And importantly, it’s not you or people like us, dear reader, who drive India’s consumption story. Low and Lower-middle income households drive aggregate consumption in India– 66% of all consumption comes from them. Ergo, all income growth being concentrated in the top decile over the last many years has created further drag for the most important component of GDP growth. Inequality is not a social issue alone, but a huge economic problem.

The double whammy of lower employment and Covid-19 has meant a significant reduction in consumption for low and lower-middle income households (contracting essential spending, delaying discretionary spends, and down-trading across categories). This has meant a delayed recovery on many key sources of consumption – automotive, high value durables, OOH and discretionary spends like retail, restaurants and personal care.

Low-income households are mostly agri-dependent or casual wage laborers. The high unemployment rates mean a significant reduction in spending power. With a much smaller pool of savings to dip into, most of these households have eschewed any discretionary spending, and have down traded to cheaper options across key spends.

The budget had to focus on reviving consumption, specifically in lower-mid income households and rural areas. In our view, a host of factors could have helped achieve this, but not enough is apparent in the announcements yesterday.

Investment in creating rural jobs and driving rural income

No increase investment in the Mahatma Gandhi National Rural Employment Guarantee Scheme (MGNREGS) was announced, despite increasing rural unemployment. While it talks about skilling workers, we await concrete measures for creating jobs at scale: according to CMIE, the unemployment problem is significant (7.9% in Dec’21) and therefore half-hearted measures will not suffice. Minimum Support Price (MSP) support on wheat and rice is an important and welcome step - a good crop should ensure agricultural household incomes will improve. The longer-term fix, however, remains attacking unemployment.

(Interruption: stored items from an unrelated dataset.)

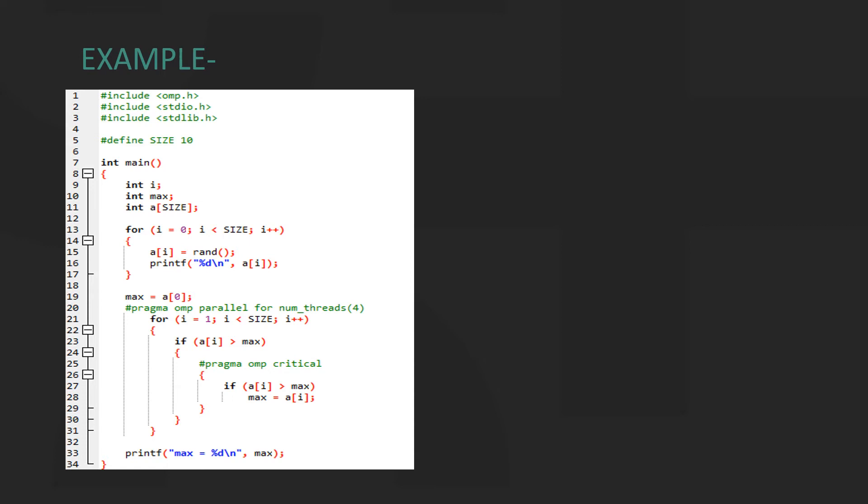We store the first element of the array in a variable called max. Then we specify the parallel section in line 20. The logic here is that max is compared to every element and replaced if it is smaller.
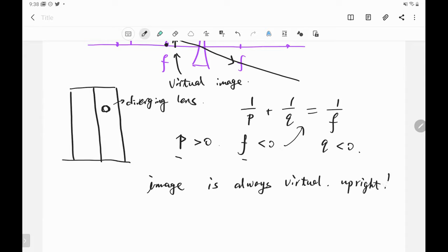This is very important: we never get a real image by using a divergent lens.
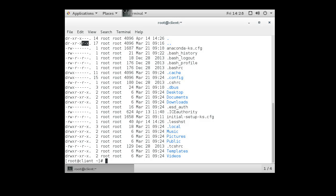To understand this, we need to know what read, write, and execute mean for both directories and files. For directories, read means you can list the directory contents. Write means you can create things in that directory. Execute means you can actually get into the directory. So it's possible to have read access but not be able to enter the directory, or to enter a directory but not list its contents.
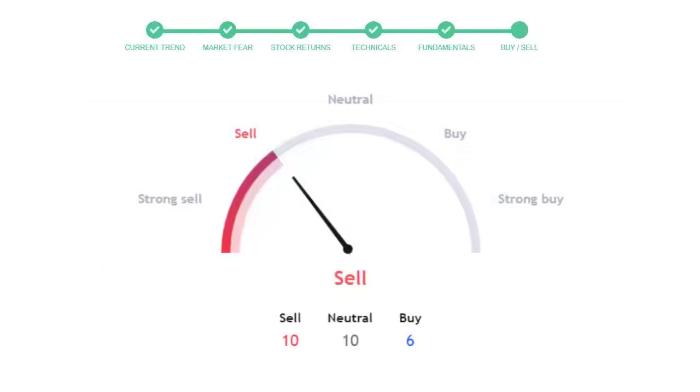This is today's buy or sell decision for this stock, which is purely based on the technical indicators. This is not a recommendation, but use this just as a guiding pointer for your stock picking.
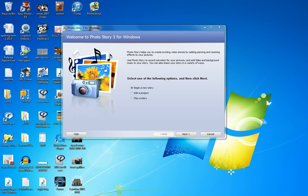If you haven't already, do yourself a little favor. Download for free from Microsoft Photo Story 3 for Windows. It's great for digital storytelling.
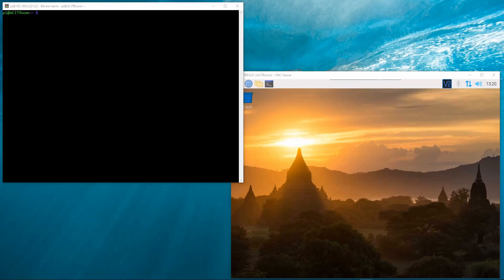This video shows the Samba Server installation failure when the Raspberry Pi has not been updated to the latest version beforehand.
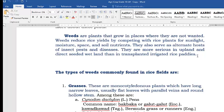Weeds are more serious in upland and direct seeded wetland than in transplanted irrigated rice. In upland, the rice is only irrigated during rainy season. In direct seeded wetland, the rice are near and crowded, unlike in transplanted irrigated rice where they are at appropriate distance, with enough space to grow, produce more tillers, and more panicles when bearing seeds.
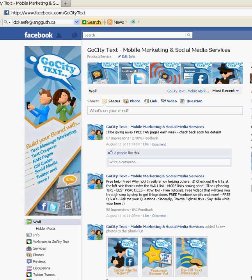Hello and welcome to GoCityText. Thanks for becoming a fan. Today we're going to show you how to create your own landing page with an application called Wildfire. This is the most user friendly option if you do not know how to use CSS, HTML, JavaScript, and all those other things.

Increasing disposable income through subsidies and revised taxation

No subsidies or cash transfers were announced in the budget. Even for the upper-middle income households, there is no personal tax relief. With lower incomes and an uncertain future, most low- and mid- income households have already dis-saved as much as they could. A combination of reduced income, lack of subsidies and transfers, and persistent retail inflation will continue to dampen consumption growth.

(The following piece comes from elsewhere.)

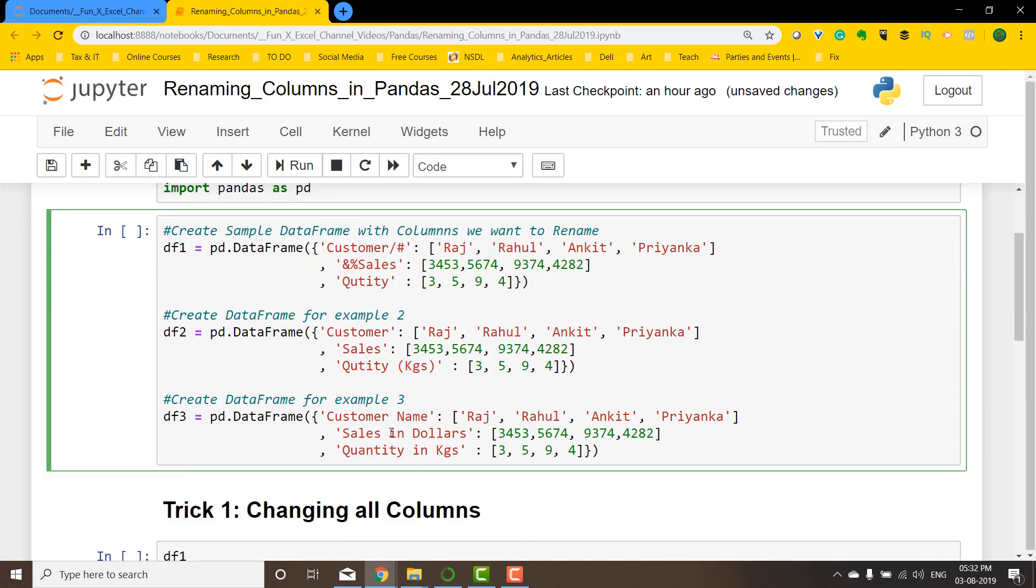And in the third example we basically have column names with spaces in between them. Now this often causes problems while you're dealing with data in multiple steps, so it's better to have underscores versus having spaces in a column name. So all three of them have spaces in them which is going to be inconvenient. So what we're going to do is replace wherever there is a space with underscore.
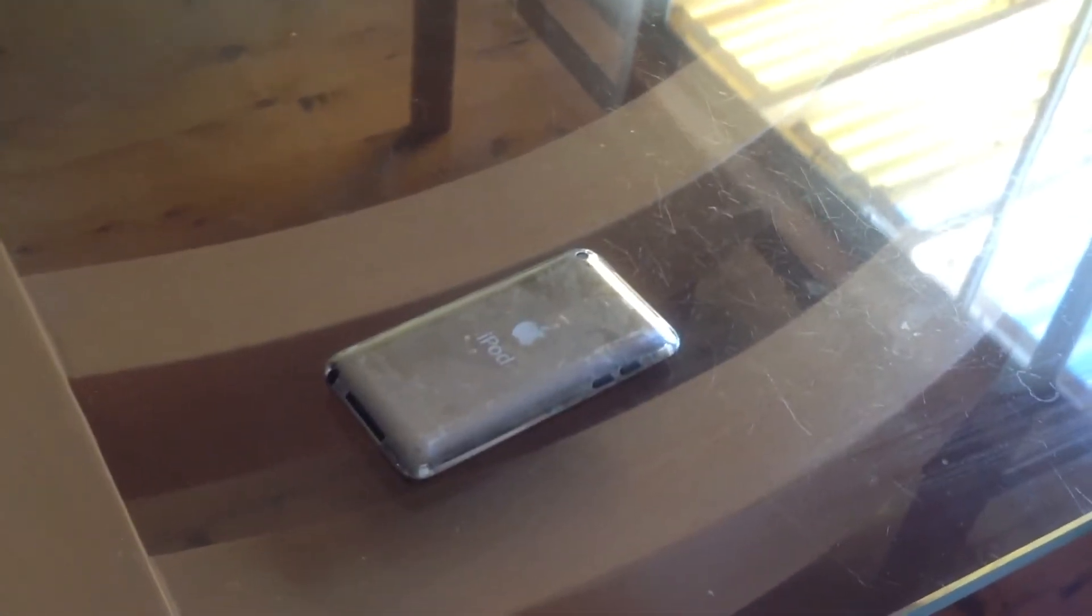Alright guys, so the iPod Touch 4G has been in there for 2 hours. Looks like the video has stopped recording. Let's go ahead and let it warm up for 15 minutes. See you in 15 minutes.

Financial inclusiveness and access to low interest credit

Core banking services at all 1.5L post offices will improve access to financial products for rural low-income households. This could mean the better earnings on savings and easier loans – which could transmit to increased discretionary consumption.

Continued investment in infrastructure and manufacturing

Import duties have been maintained and spending on Production Linked Incentives (PLIs) increased by INR 30L Cr over the next 5 years. This will create 60L jobs for semi-skilled and skilled workers in the medium term – certainly a welcome step, but this won’t really impact near-term consumption.

Rejuvenating small enterprises

In addition to the higher allocation to the Raising and Accelerating MSME Performance (RAMP) program, and extensive credit access, increasing the cover on the Emergency Credit Line Guarantee Scheme (ECLGS) by 50K Cr is a good move. Small businesses will be able to invest for growth and recover from the Covid-19 infused lull. We could see an expedited consumption recovery in some sectors like travel, retail, and OOH spending driven by MSME owners and employees.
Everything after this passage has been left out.